Mon oncle gérait en ce temps-là le Club Renaissance situé sur la Grande-Allée. Il s’agissait d’un véritable club, car les femmes n’y étaient pas admises. Il réunissait les Bleus, soit les membres de l’Union Nationale, parti politique dirigé par Maurice Duplessis. Dans ces années de guerre où ce parti formait l’Opposition, le grand frère de papa, qui ne manquait pas de gueule, cherchait un auditeur à ses diatribes contre le parti au pouvoir, celui des Libéraux d’Adélard Godbout. Mon père était l’interlocuteur tout désigné, car il ne pouvait être que favorable au Parti libéral, il devait sa job d’employé civil aux Rouges. D’où des obstinations à ne plus finir. Afin d’avoir tout le champ libre pour leurs discussions, l’oncle nous gratifiait, Alain et moi, d’un 10 cents chacun avec l’ordre d’aller nous sucrer le bec. C’était un bon montant en ces jours où on pouvait acheter un cornet de crème à la glace et en plus une barre de chocolat pour cette somme. Bien entendu nous filions vers le petit magasin Poitras avant que notre père ne songe à nous confisquer l’argent.
C’est à cet oncle que mon frère Alain avait un jour coupé l’appétit d’un seul mot. Mon père était allé à la chasse au chalet du grand-père à Lizotte et avait rapporté des lièvres qu’il avait laissés dehors une nuit de grand froid. Comme il voulait offrir à son frère un repas de gibier il a fait dégeler les bêtes derrière le poêle avant de les faire cuire. Or, ces dernières avaient dégagé une odeur pas tellement agréable avant d’être mises au four, probablement dû au fait qu’elles n’avaient pas été vidées complètement avant d’être gelées. Mon frère, qui n’avait pas aimé cette odeur, avertit notre oncle avec toute la naïveté dont il était capable en lançant un tonitruant: Mon oncle Wilfrid, mange pas le lièvre, il est pourri pourri!
Tout le monde est resté interloqué.
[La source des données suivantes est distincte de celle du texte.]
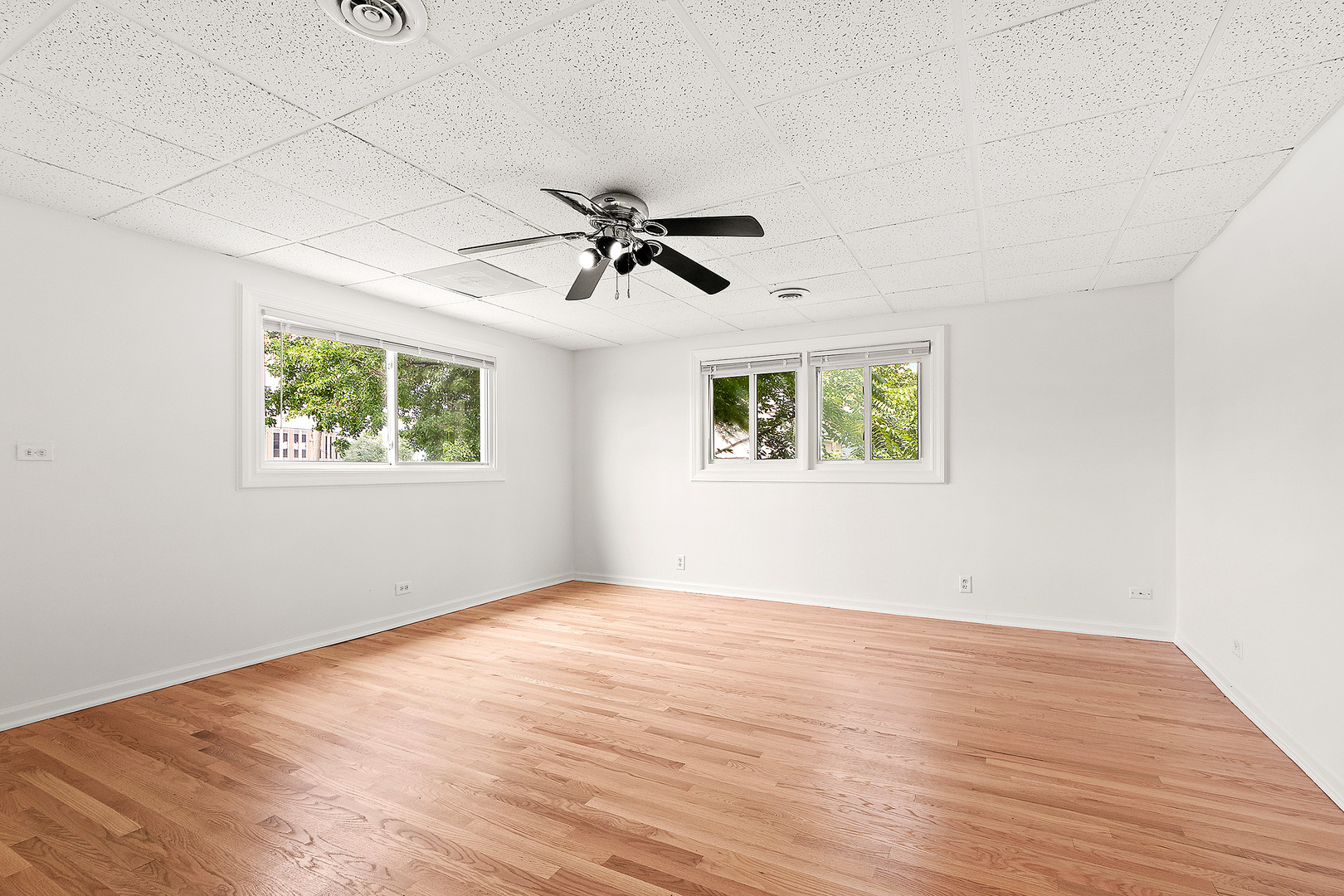 18145 Harlem Avenue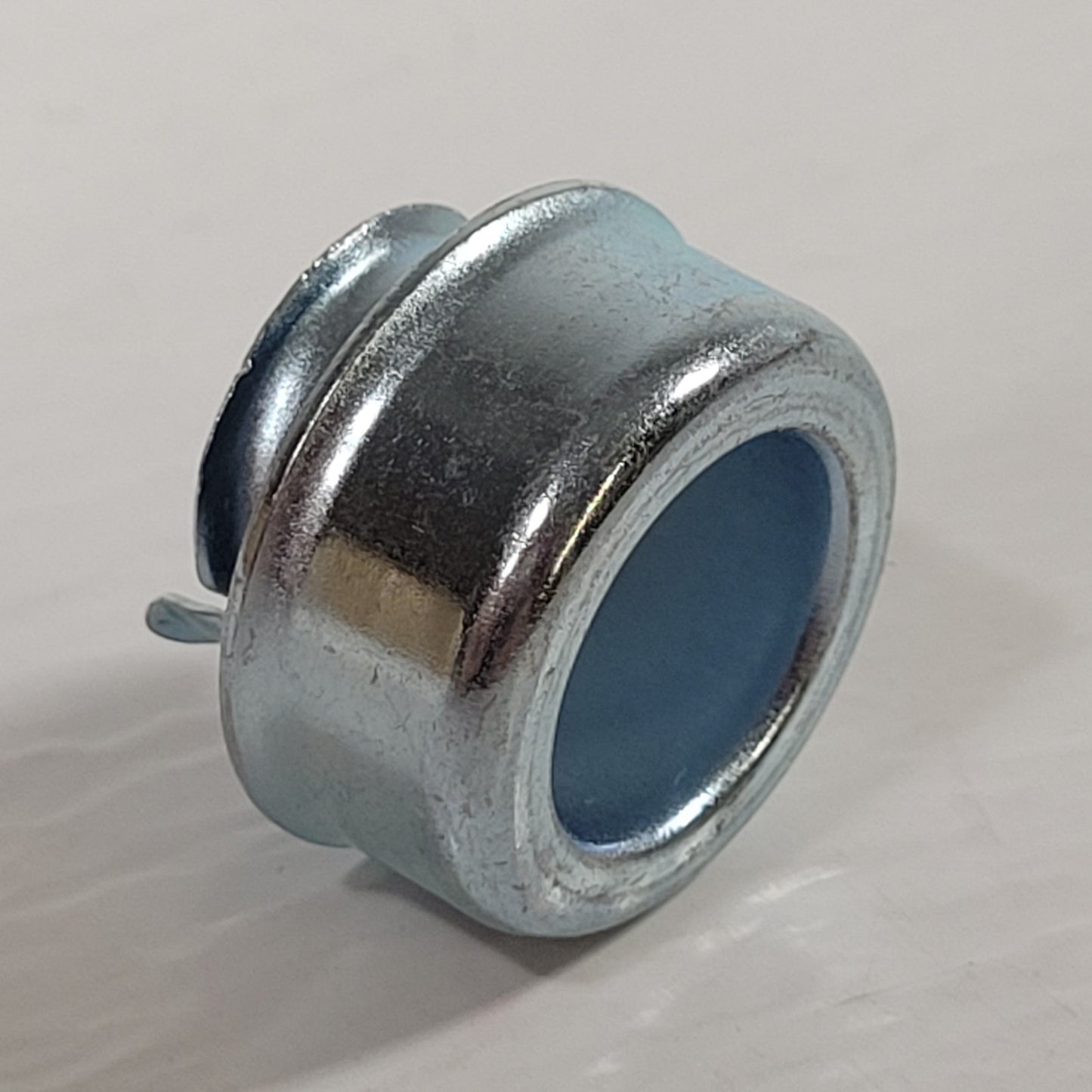 5-Pack Thomas & Betts 053-71814-122 1/2" Steel Grounding Cones Liquidtight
Mon père n’en croyait pas ses oreilles et avant qu’il ne lève une main punisseuse, l’oncle Wilfrid avait tassé son assiette. Explication rapide de mes parents sur le gelage et le dégelage du gibier en cause et déclarations abondantes de garantie de fraîcheur. Mais rien n’y fit. Personne, y compris mes parents, n’a plus touché au mets préparé pour ce dimanche. Le « Pourrie, Pourrie, mon oncle »! est resté longtemps dans la famille pour signifier qu’une chose était dégoûtante.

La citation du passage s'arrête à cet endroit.